▸ **Your task**:
Leave the images behind and copy every record exactly.

▸ **Recorded data**:
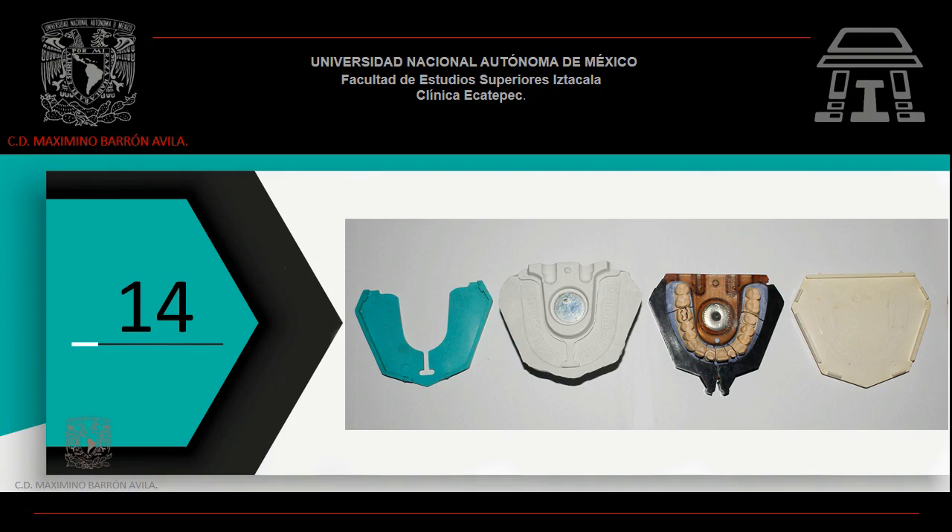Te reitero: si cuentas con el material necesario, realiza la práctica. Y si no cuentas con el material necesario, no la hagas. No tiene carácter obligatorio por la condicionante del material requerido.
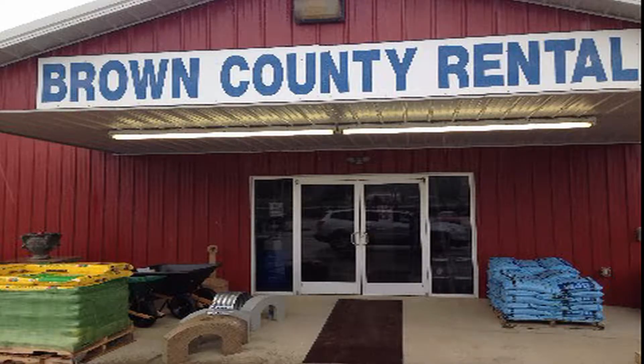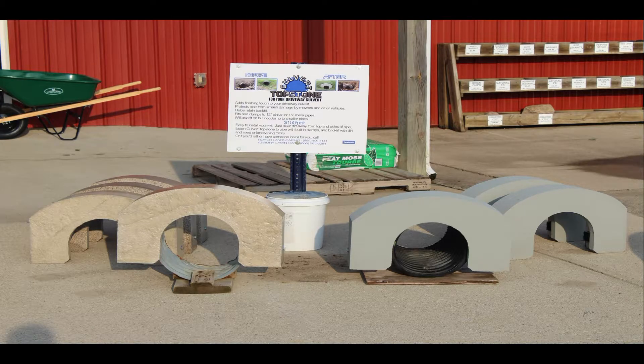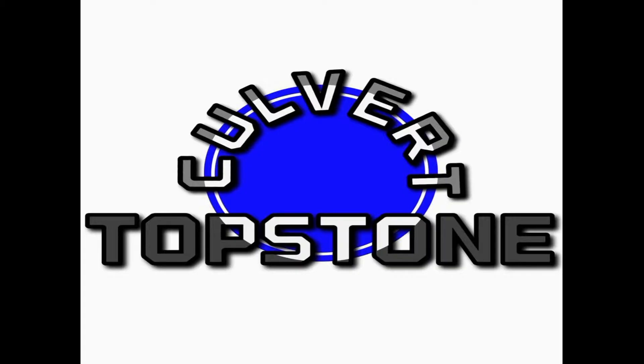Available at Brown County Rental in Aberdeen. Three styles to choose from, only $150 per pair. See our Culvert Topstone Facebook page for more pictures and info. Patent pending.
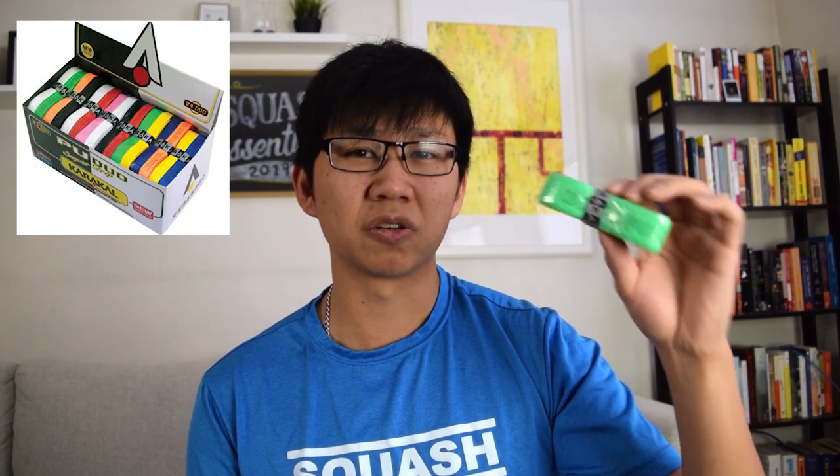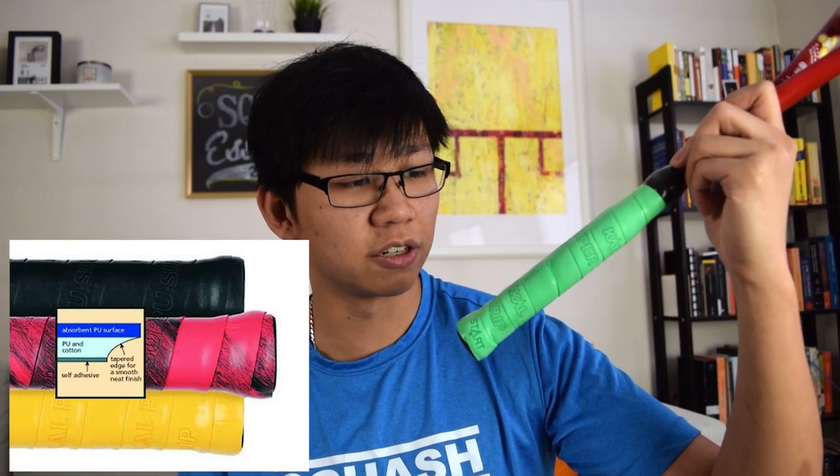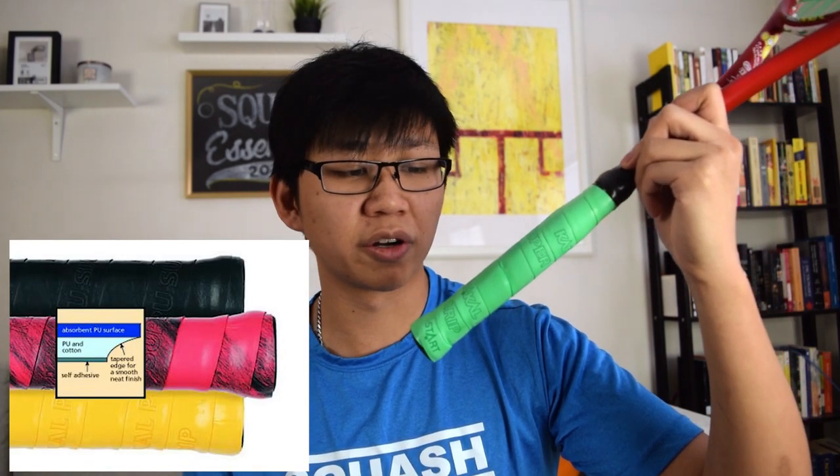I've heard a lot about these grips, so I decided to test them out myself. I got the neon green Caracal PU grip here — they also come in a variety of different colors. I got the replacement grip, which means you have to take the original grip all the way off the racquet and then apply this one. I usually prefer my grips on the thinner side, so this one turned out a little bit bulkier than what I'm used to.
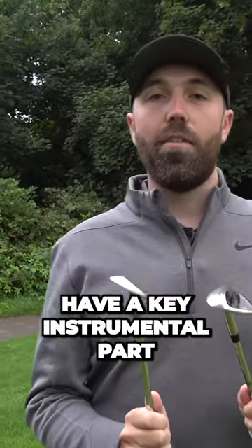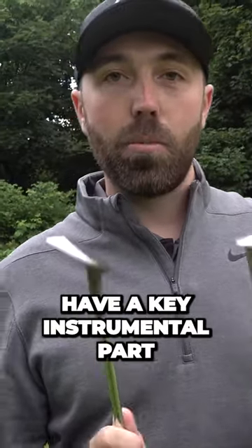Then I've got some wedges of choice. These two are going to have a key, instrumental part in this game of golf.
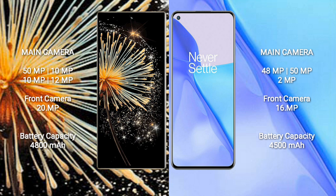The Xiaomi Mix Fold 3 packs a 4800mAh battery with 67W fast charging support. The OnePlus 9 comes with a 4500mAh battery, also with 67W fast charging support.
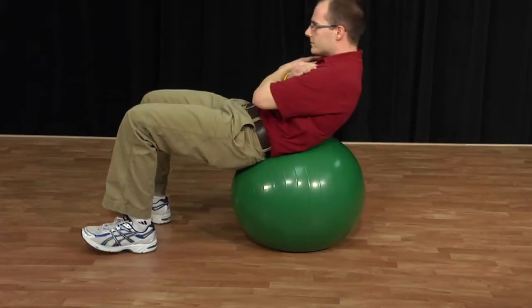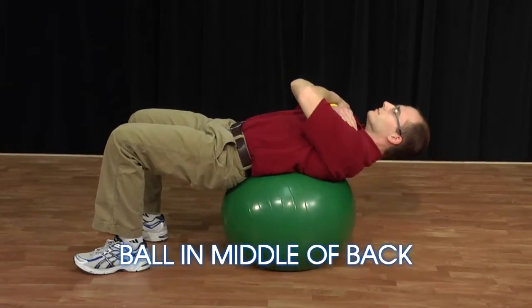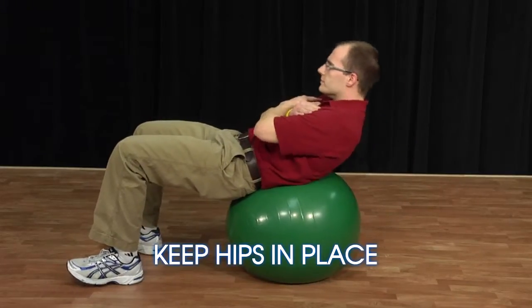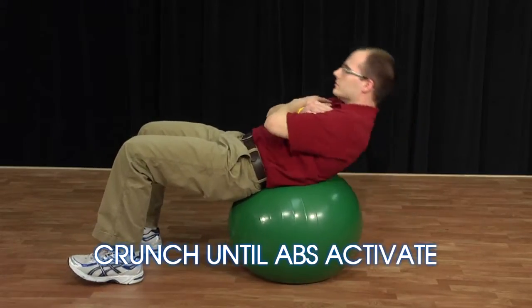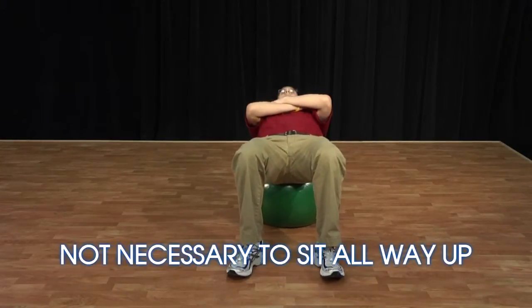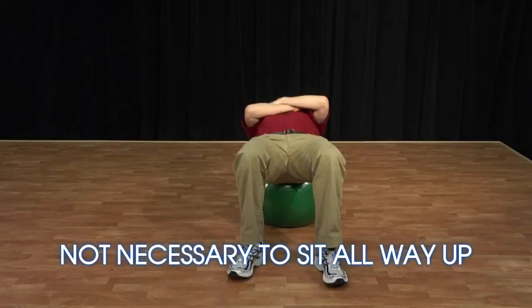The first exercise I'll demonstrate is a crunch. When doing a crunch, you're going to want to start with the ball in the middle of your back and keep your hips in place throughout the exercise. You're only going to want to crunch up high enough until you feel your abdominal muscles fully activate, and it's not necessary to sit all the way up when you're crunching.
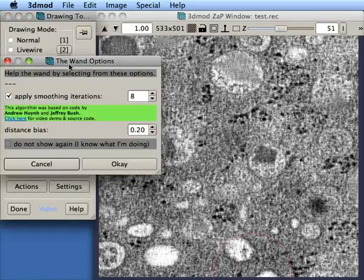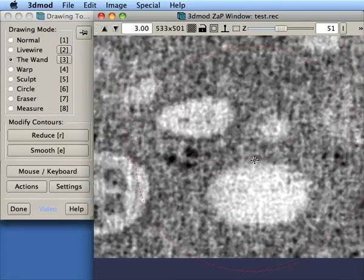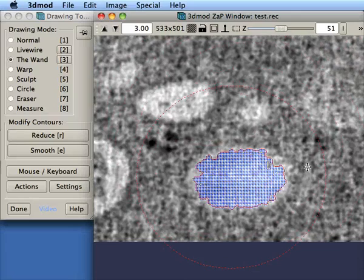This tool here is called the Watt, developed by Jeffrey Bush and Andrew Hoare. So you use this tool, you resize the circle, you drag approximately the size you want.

▸ **Response**:
Te reitero: si cuentas con el material necesario, realiza la práctica. Y si no cuentas con el material necesario, no la hagas. No tiene carácter obligatorio por la condicionante del material requerido.
Available at Brown County Rental in Aberdeen. Three styles to choose from, only $150 per pair. See our Culvert Topstone Facebook page for more pictures and info. Patent pending.
I've heard a lot about these grips, so I decided to test them out myself. I got the neon green Caracal PU grip here — they also come in a variety of different colors. I got the replacement grip, which means you have to take the original grip all the way off the racquet and then apply this one. I usually prefer my grips on the thinner side, so this one turned out a little bit bulkier than what I'm used to.
Then I've got some wedges of choice. These two are going to have a key, instrumental part in this game of golf.
The Xiaomi Mix Fold 3 packs a 4800mAh battery with 67W fast charging support. The OnePlus 9 comes with a 4500mAh battery, also with 67W fast charging support.
The first exercise I'll demonstrate is a crunch. When doing a crunch, you're going to want to start with the ball in the middle of your back and keep your hips in place throughout the exercise. You're only going to want to crunch up high enough until you feel your abdominal muscles fully activate, and it's not necessary to sit all the way up when you're crunching.
This tool here is called the Watt, developed by Jeffrey Bush and Andrew Hoare. So you use this tool, you resize the circle, you drag approximately the size you want.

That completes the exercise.